Profile applicability: Level 2
Nodes in a degraded state are an unknown quantity and so may pose a security risk.
Kubernetes Engine's node auto-repair feature helps you keep the nodes in the cluster
in a healthy, running state. When enabled, Kubernetes Engine makes periodic checks
on the health state of each node in the cluster. If a node fails consecutive health
checks over an extended time period, Kubernetes Engine initiates a repair process
for that node.
NoteNode auto-repair is enabled by default.
|
Impact
If multiple nodes require repair, Kubernetes Engine might repair them in parallel.
Kubernetes Engine limits number of repairs depending on the size of the cluster (bigger
clusters have a higher limit) and the number of broken nodes in the cluster (limit
decreases if many nodes are broken). Node auto-repair is not available on Alpha Clusters.
Audit
Using Google Cloud Console:
- Go to Kubernetes Engine by visiting: Google Cloud Console Kubernetes Engine page.
- From the list of clusters, select the desired cluster.
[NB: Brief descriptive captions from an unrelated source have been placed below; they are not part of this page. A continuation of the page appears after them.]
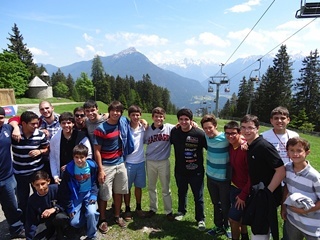 Members of the overseas study group get ready to head down the 2.5-mile Alpine Coaster on a spectacular day in Austria.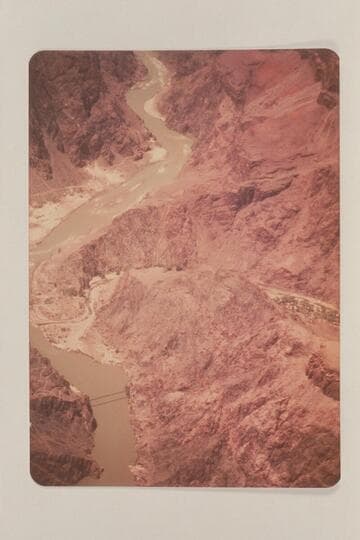 Down river in Grand Canyon from Mile 87-89 showing the suspension bridge and the mouth of Bright Angel Creek
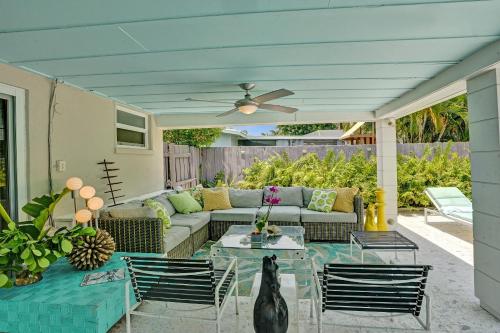 a patio with a couch and a table and chairs at New! Waterfront Heated Pool, Fishing Pier, Designer Touches, 2mi to Beach in Fort Lauderdale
- For each Node pool, view the Node pool Details pane and ensure that under the 'Management' heading, 'Auto-repair' is set to 'Enabled'.
Using Command Line:
To check the existence of node auto-repair for an existing cluster's node pool, first
define 4 variables for Node Pool, Cluster Name, Location and Project and then run
the following command:
gcloud container node-pools describe $POOL_NAME --cluster $CLUSTER_NAME --location $LOCATION --project $PROJECT_ID --format json | jq '.management'
Ensure the output of the above command has JSON key attribute
autoRepair set to true:{ "autoRepair": true }
Remediation
Using Google Cloud Console:
- Go to Kubernetes Engine by visiting: Google Cloud Console Kubernetes Engine page.
- Select the Kubernetes cluster containing the node pool for which auto-repair is disabled.
- Select the Node pool by clicking on the name of the pool.
- Navigate to the Node pool details pane and click EDIT.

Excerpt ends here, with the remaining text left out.